100% agree with this, and cheers for linking those tickets winnie; they were most of the ones I’d come across and that (having just checked now) were in my browser’s history.

There was also this one . Initially I think Caleb was right to suggest multiple additional troubleshooting steps, the user then replied and the ticket went unanswered for a week before Caleb responded again.

This time the response started by asking the user if they’d done any troubleshooting, fair, since the user didn’t indicate the results of what Caleb asked them to do, but the reply then moved into the comment I left on the ticket being regarded as anecdotal (we had multiple users reporting the DF performance issues in the TrueCharts Discord less than a day after DF’s release and started to direct them to opening tickets with iX) and dismissed because “we have >7k installs of RC1 in the wild…”. Whilst it might have been true, in hindsight it didn’t really matter; these issues came about after DFs’ release despite there being thousands of RC1 installs in the wild.
I’d wager it’s pretty safe to assume that in our Discord of over 13k members, if a wave of people start posting all with a common issue across varying hardware setups, given the context of the DF update being the common factor amongst them, my comment (or the comment of someone else saying the same thing) shouldn’t have been dismissed. I could’ve, in hindsight, linked to messages/posts from those users to provide additional context which I’m happy to reflect on.

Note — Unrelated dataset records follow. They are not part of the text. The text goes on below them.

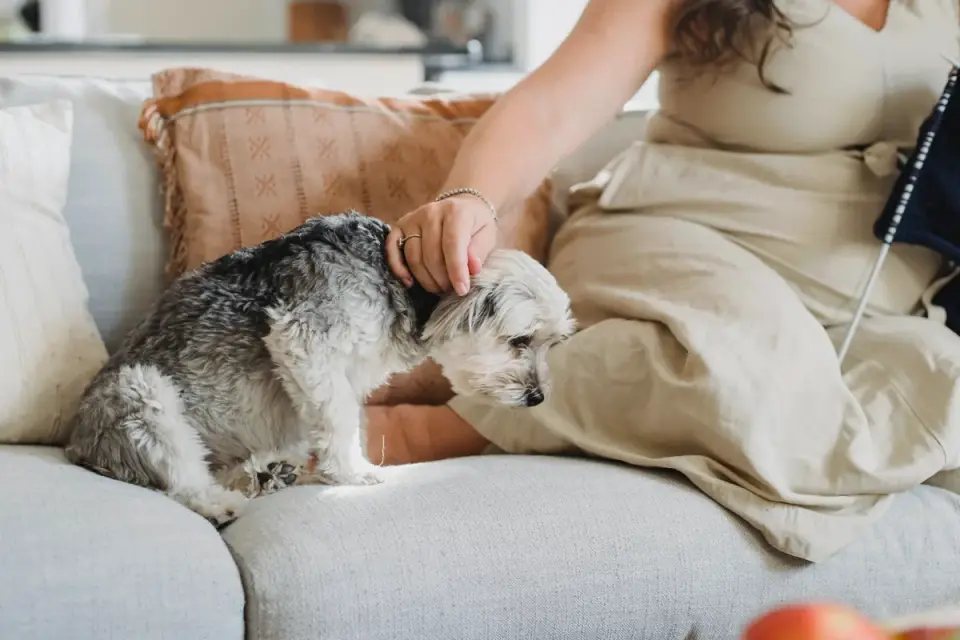 Owner helping a senior dog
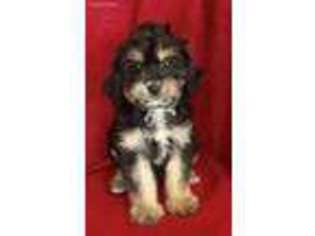 Cavachon Puppy for sale in Petersburg, OH, USA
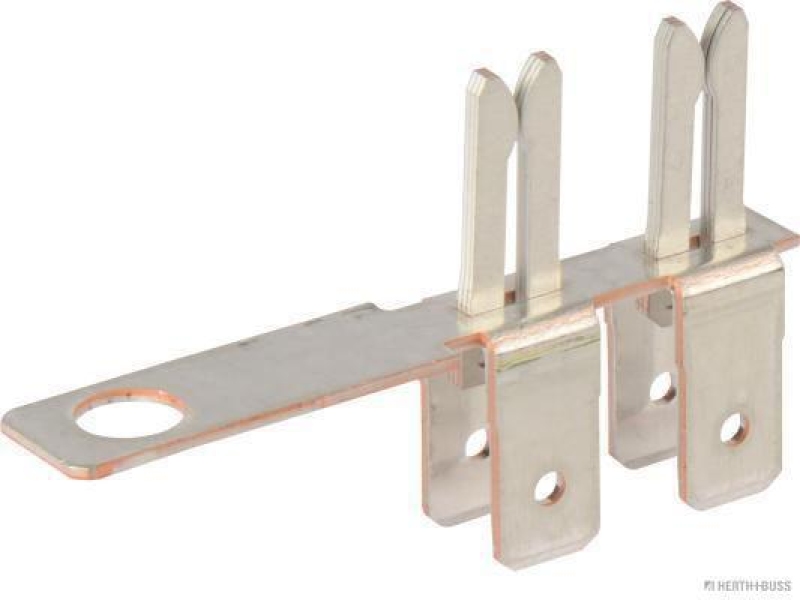 HERTH+BUSS 50251972 Sammelschiene 2-polig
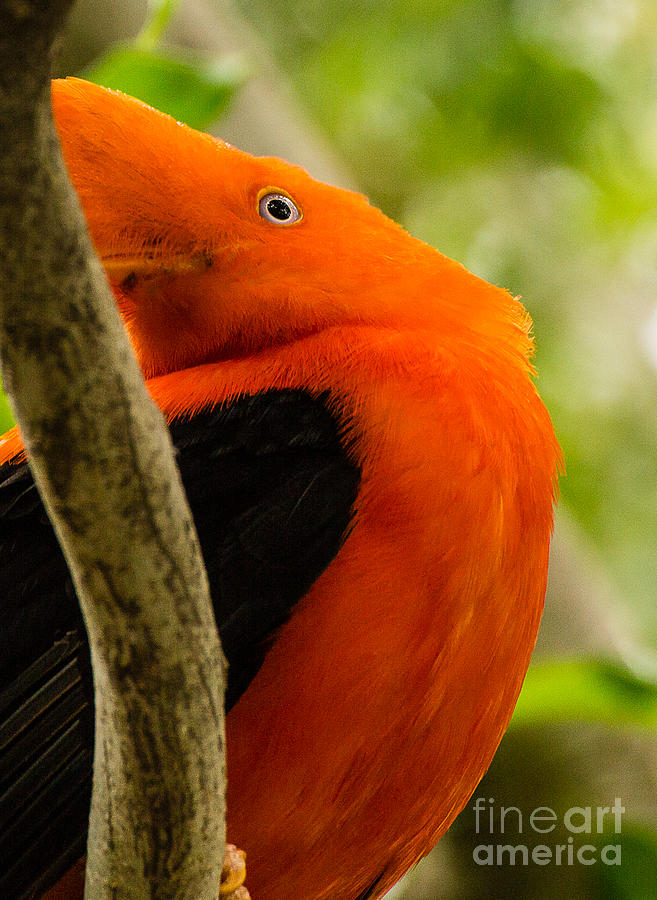 San Diego Zoo Photograph - Orange bird A1734 by Stephen Parker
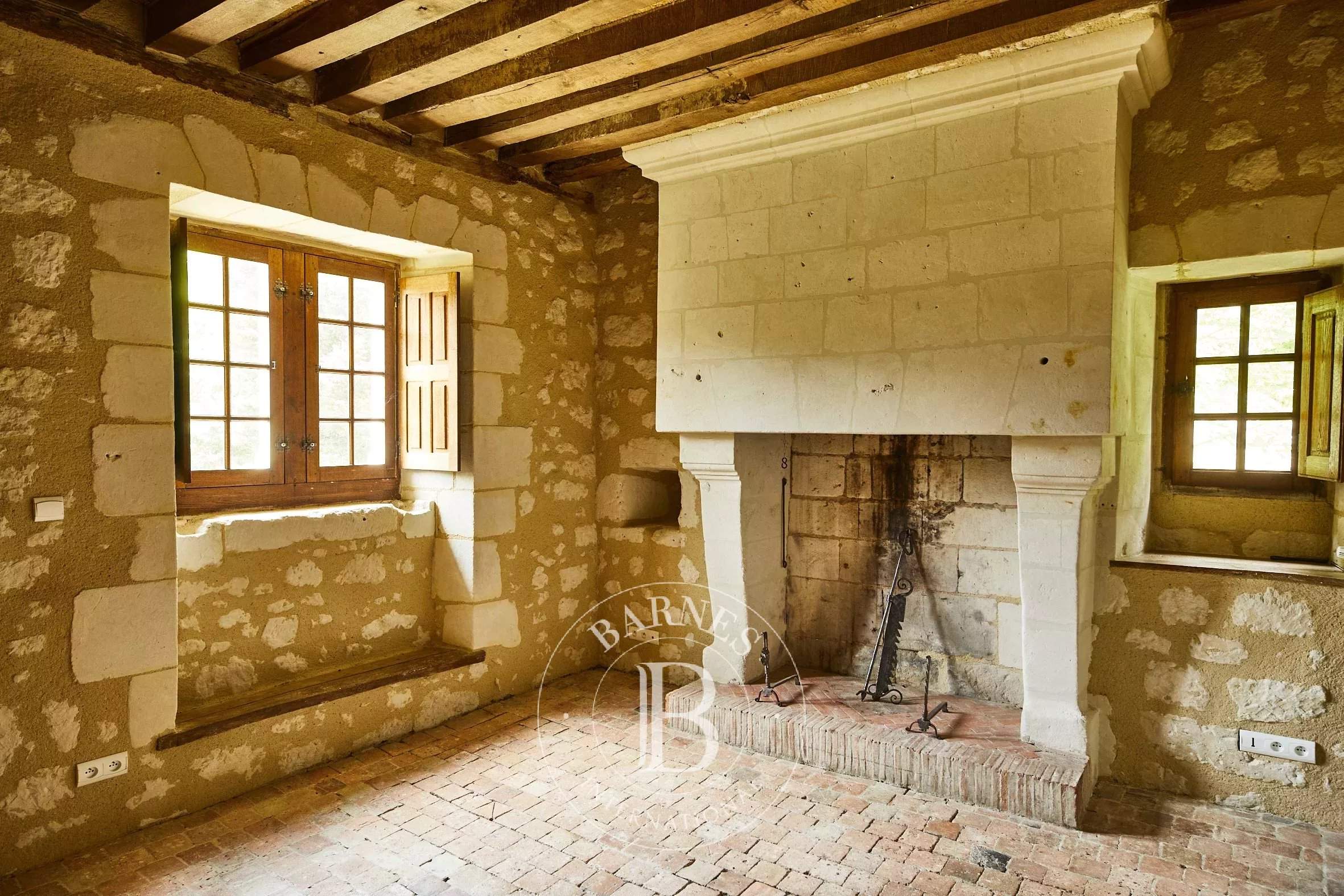 Baugé-en-Anjou  - Domaine équestre 12 Pi&egrave;ces 7 Chambres - picture 15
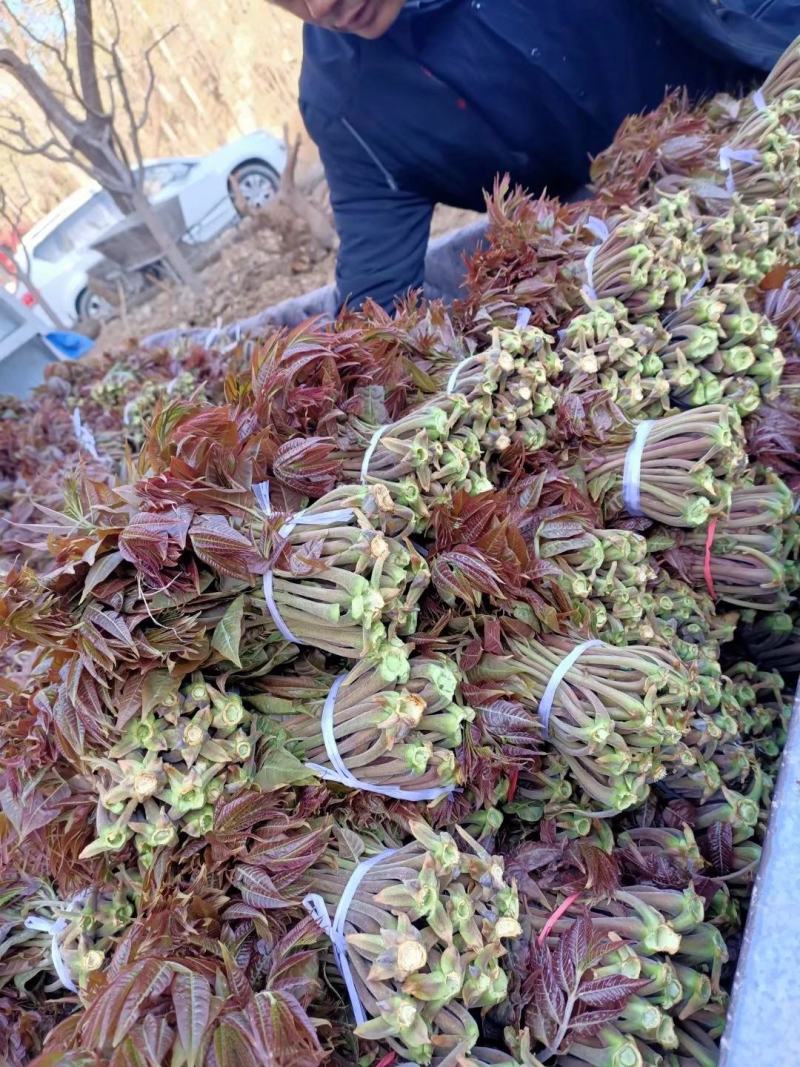 【红油香椿芽】青州王坟红色香椿芽质量很好。诚信第一。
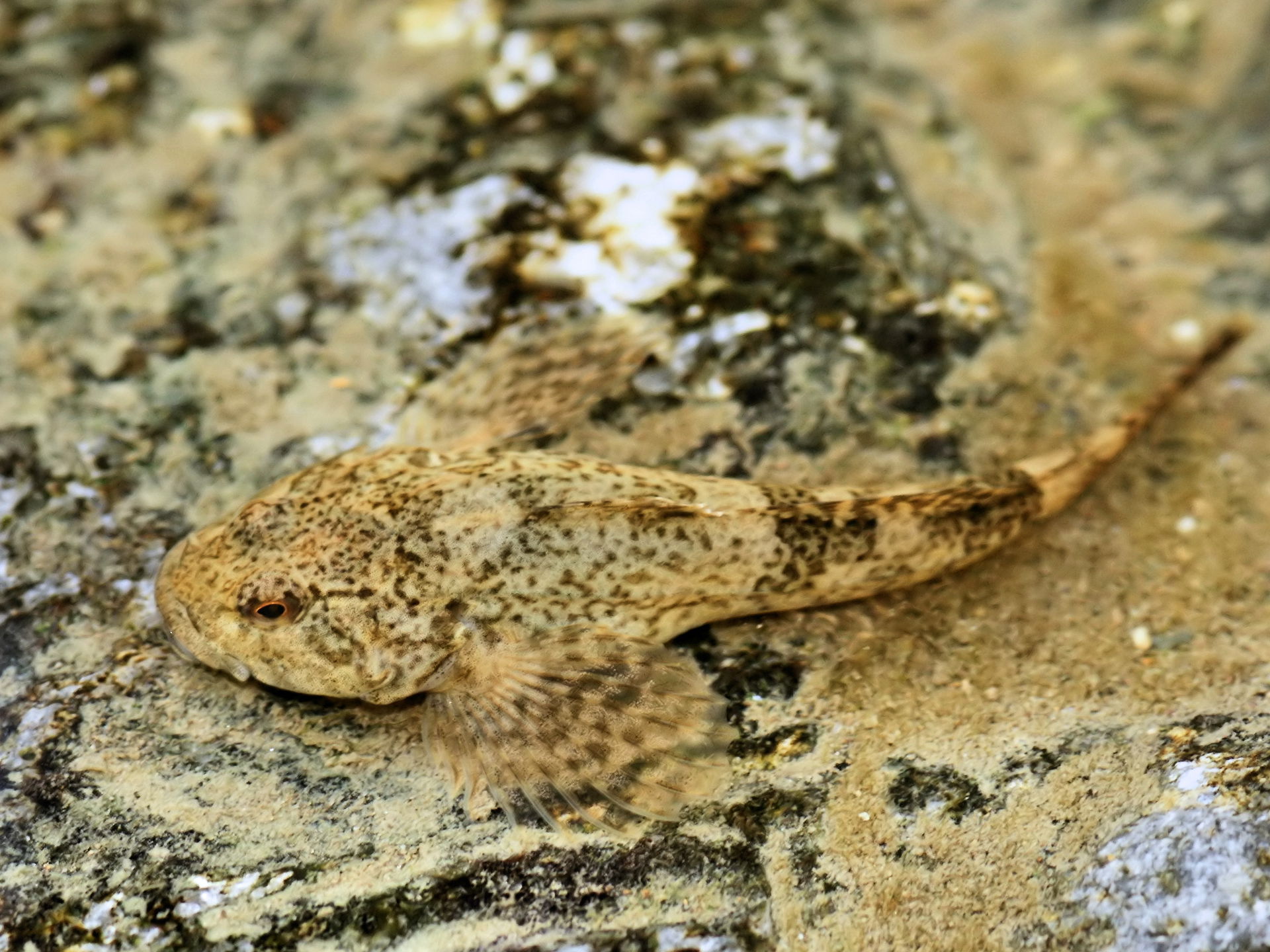 European bullhead in the Viroin close to Nismes.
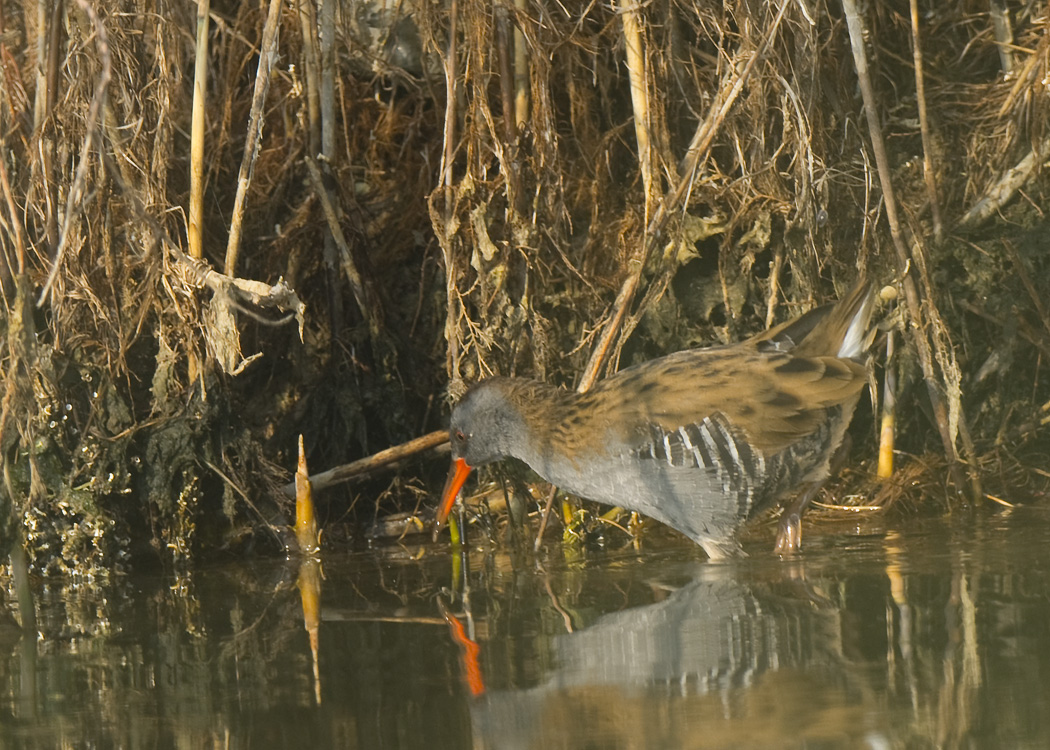 Water Rail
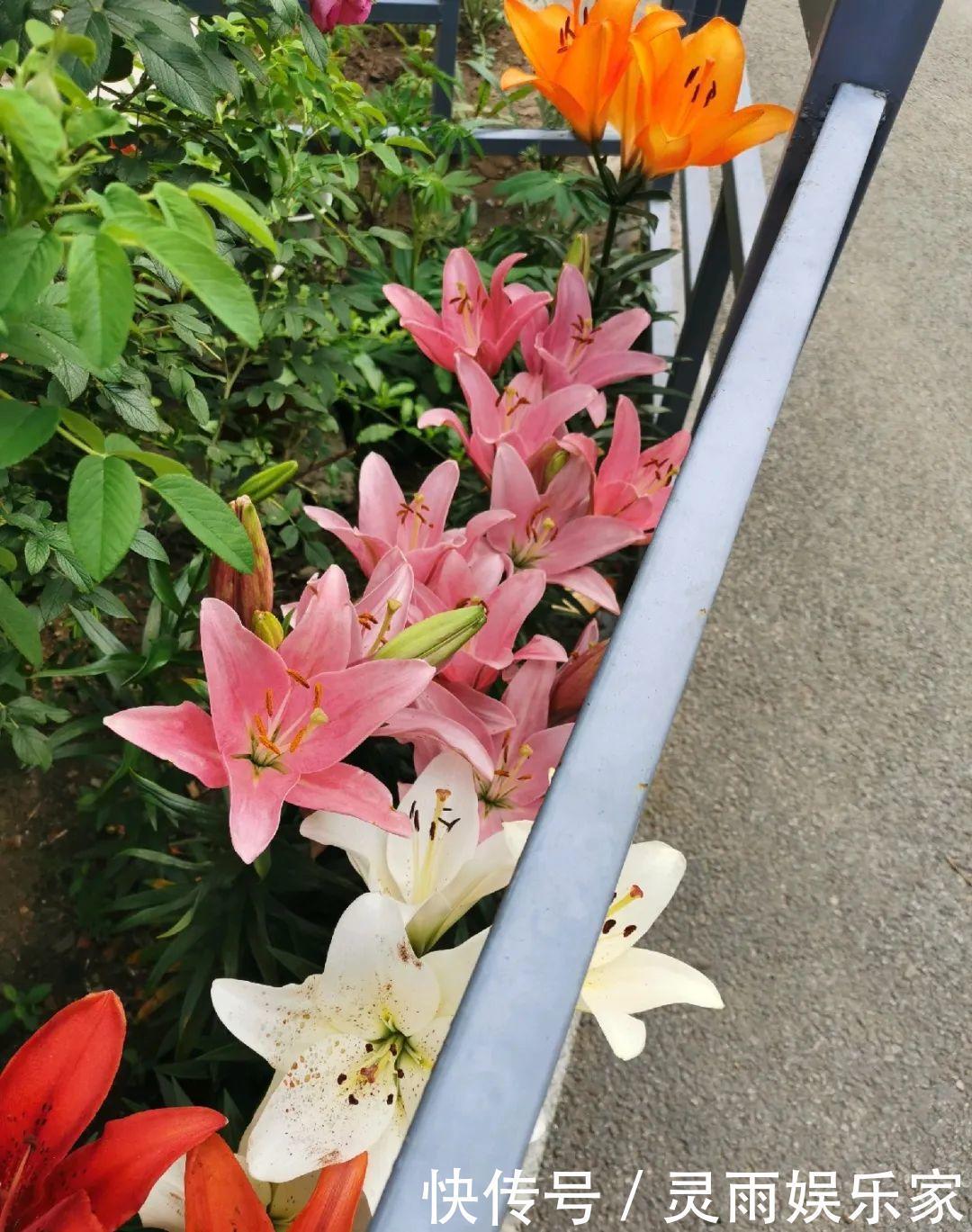 70岁老妈,一天也闲不住,院子里种满了花!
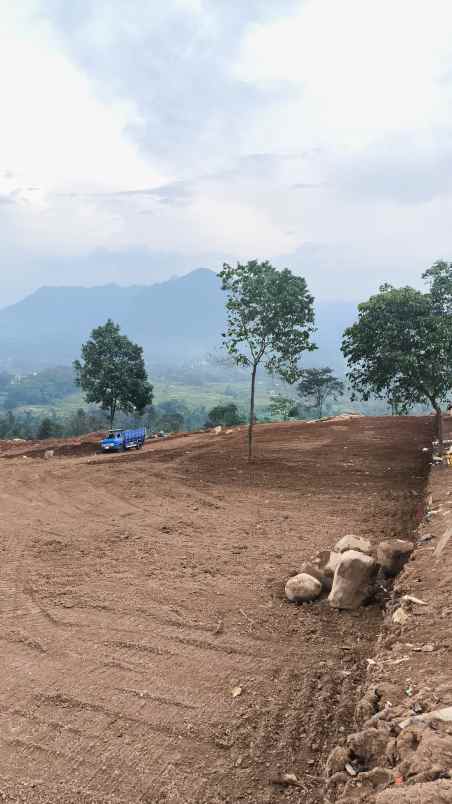 tanah kavling ludes terjual di sukamakmur bogor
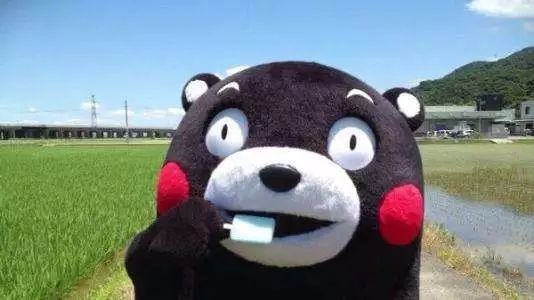 高速公路惊现熊!最近出门小心,加拿大的动物开始苏醒了...
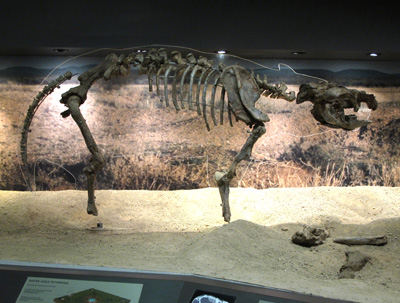 Plaisiodon centralis skeleton Museum of Central Australia, Alice Springs, 2013 Australia (North-South)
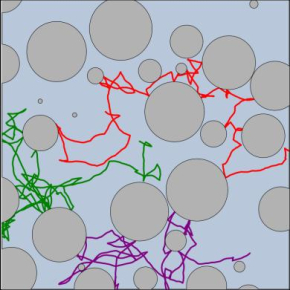 Simulations de trajectoires bactériennes dans trois structures poreuses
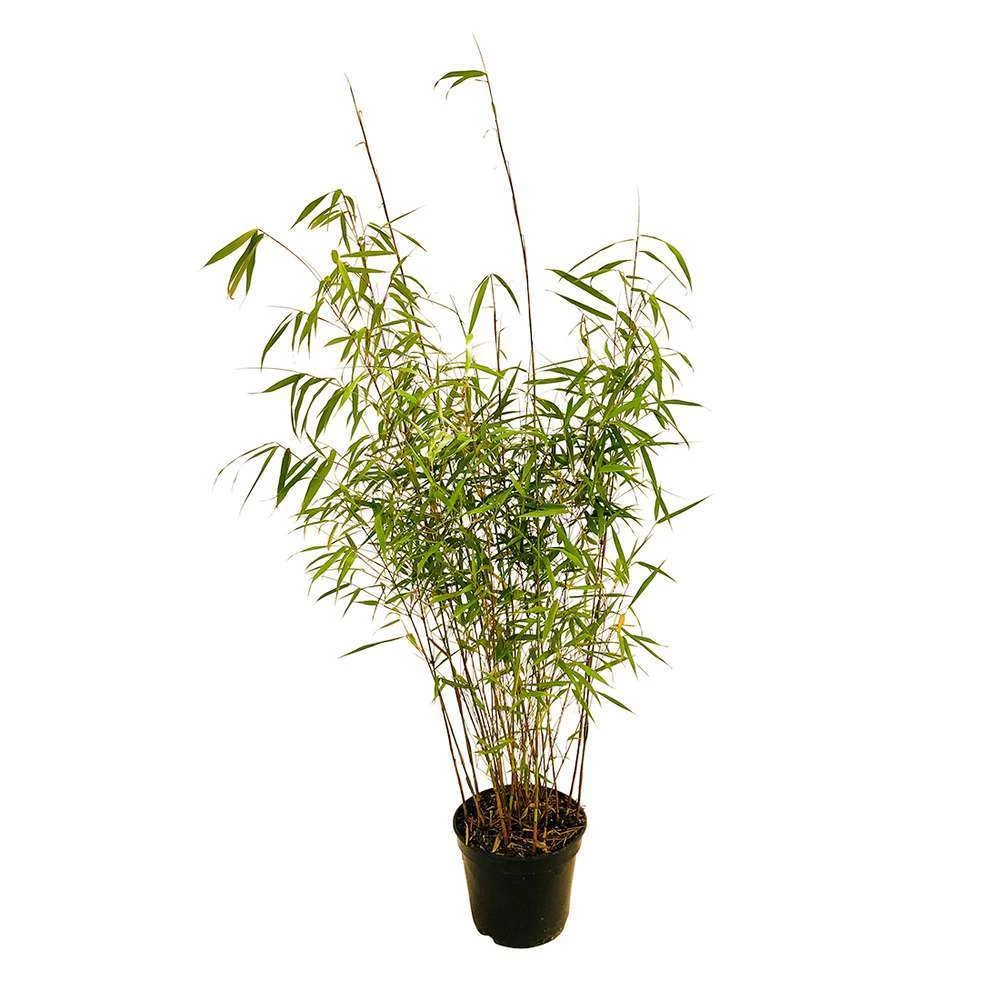 Bambou Non-traçant Fargesia Scabrida 'Asian Wonder': Pot De 5 Litres 1 Bambou Non-traçant Fargesia Scabrida 'Asian Wonder': Pot De 5 Litres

The closing comment “it also doesn’t help that your debug was incomplete because the system is so slow to respond” should have at least prompted a further investigation from Caleb/iX’s side. The ticket has since gone unanswered and thus been closed, and it’s ultimately only supplementary to the ones winnie linked above which are the primary pointers.

As I said before, I’m not going to bang on about it or anything, winnie already worded it perfectly and I’m glad a fix has been found and will be included in .1’s release. We’re all ultimately here because we like the work that’s being done (or at least most of us do) and want TrueNAS to grow better every day.

Onwards and upwards.

2 Likes

You (plural, i.e., iX) are spring-loaded to blame TrueCharts, even for issues which manifestly don’t involve them; my ticket is one example among many of this. If you choose to dismiss that as “destructive criticism,” I guess that’s your call.

And most interactions (not all) I’ve had with TrueCharts users are spring-loaded to speak “matter of factly” on subjects condescending developers/iXsystems. And this isn’t anecdotal, go to the TrueCharts discord and you’ll see an environment that seems to actively encourage disparaging TrueNAS’s/iXsystems hard-work. You also seem to be REALLY hung up on the fact that your zpool now takes an inordinate amount of time to import after upgrade to DF. We have your ticket, it’s assigned to an engineer, it’s still opened and we will hopefully investigate the issue. We haven’t blamed anything on TrueCharts for your particular use-case. But hey, if an open ticket, assigned to engineer for investigation somehow gets interpreted by you as a “truecharts issue”, I guess that’s your call.

bitpushr-psychic

4 Likes

I don’t think that my concern there is unreasonable (and I note that I’m not the only one affected by whatever’s causing it), particularly when that appears to be the root cause of the apps problems[1],[2]. And I’m aware that it’s assigned, and I presume more is happening behind the scenes than is noted on the ticket. I’m referring more to the first several comments on that ticket, which went straight to “TrueCharts” even though I thought the pool import issue was pretty clear even then[3].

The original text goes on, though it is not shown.